El Gobierno de Israel ha llamado a la encargada de negocios de la Embajada de España en Tel Aviv, Francisca Pedrós, para solicitar explicaciones por la actuación de la Ertzaintza en Bilbao, donde se produjo una carga policial contra activistas de la flotilla que regresaban al país. Las autoridades israelíes han criticado a las españolas por lo que consideran un ejercicio de "hipocresía", al guardar silencio en este caso mientras condenan a Israel a la primera oportunidad.
El director político del Ministerio de Exteriores israelí, Yossi Amrani, ha expresado su descontento al afirmar que "España envía a sus provocadores a Israel y luego condena las acciones legítimas de bloqueo naval". Señaló, además, que "las autoridades españolas emplearon una violencia grave contra los participantes de la flotilla". Durante los incidentes en Loiu, la Ertzaintza detuvo a cuatro personas por desobediencia grave, resistencia y atentado a la autoridad. Según el Departamento vasco de Seguridad, la Jefatura de Asuntos Internos de la policía autónoma ha iniciado una investigación para determinar si los agentes actuaron conforme a las instrucciones oficiales.

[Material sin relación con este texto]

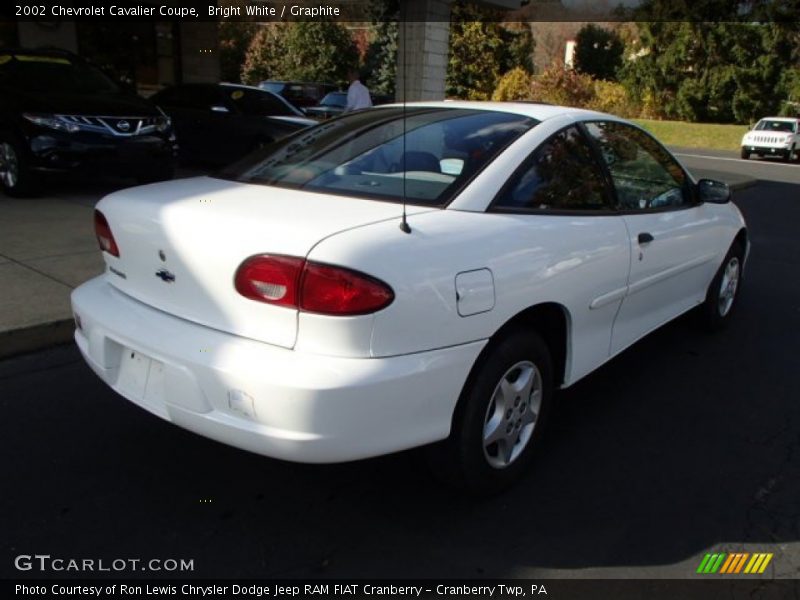 Bright White / Graphite 2002 Chevrolet Cavalier Coupe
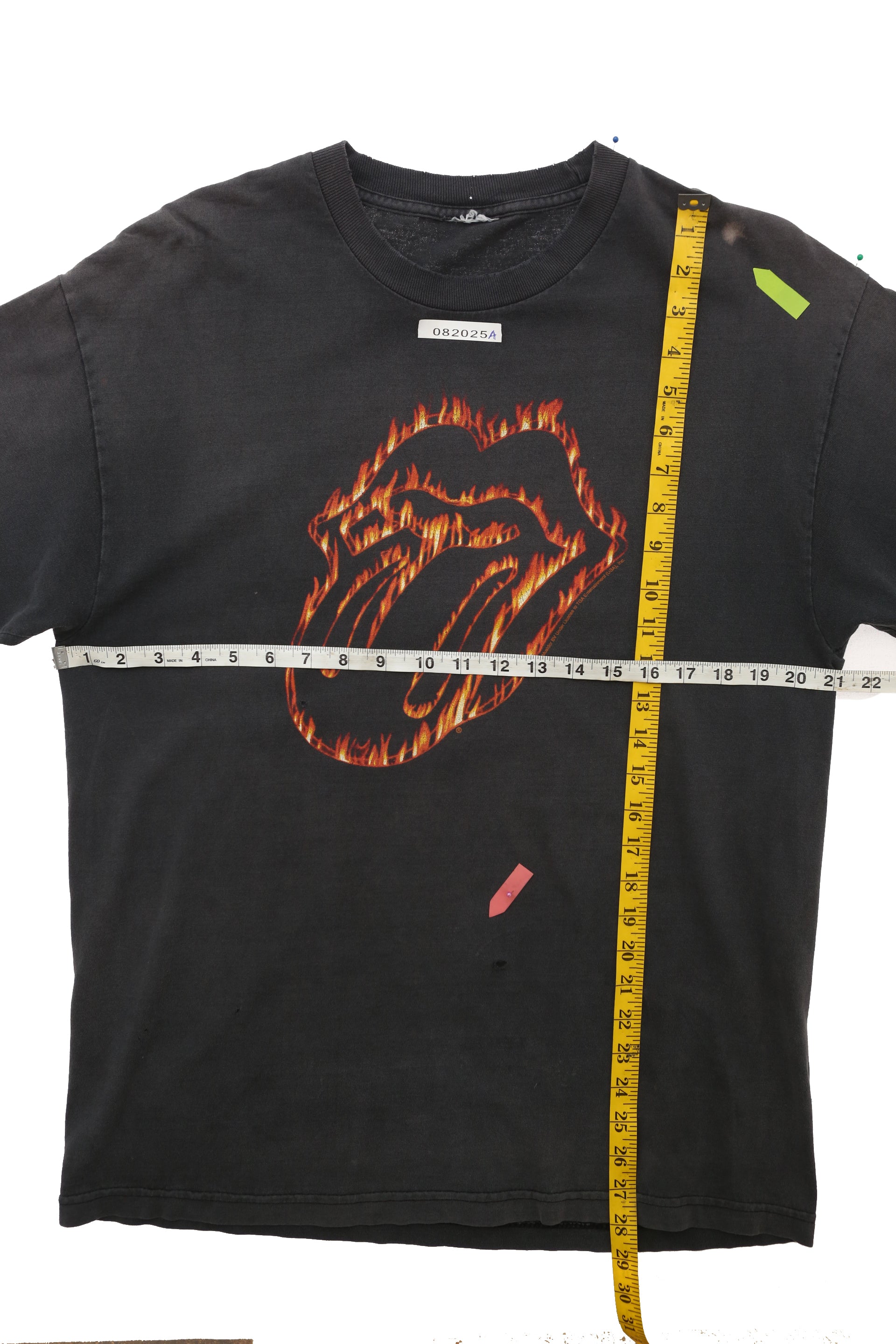 The Rolling Stones "Flaming Kiss" t-shirt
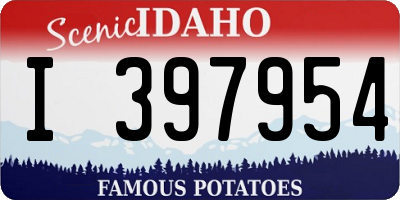 ID license plate I397954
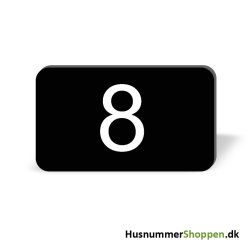 Husnummer skilte 12x7 cm, sorte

El Ministerio de Exteriores israelí ha exigido explicaciones a España por su silencio ante la actuación de la Ertzaintza contra activistas de la flotilla
En un comunicado difundido por las redes sociales, Amrani ha cuestionado que "ni el presidente Pedro Sánchez ni sus ministros han condenado la violencia española, mientras que siempre se apresuran a condenar a Israel". También ha comparado la situación con otras flotillas, indicando que Israel "nunca recurrió a la violencia severa" frente a provocaciones similares.
Por su parte, la Global Sumud Flotilla ha denunciado al menos 15 agresiones sexuales y numerosos heridos entre los detenidos que permanecieron custodiados tras la intercepción en aguas internacionales rumbo a Gaza. Amrani también ha planteado a Pedrós la falta de acción del Gobierno español respecto al activista Saif Abukeshek, arrestado en otra operación contra la flotilla y posteriormente liberado tras una semana en prisión y una huelga de hambre. Israel lo vincula con Hamás y recuerda que está sancionado por Estados Unidos.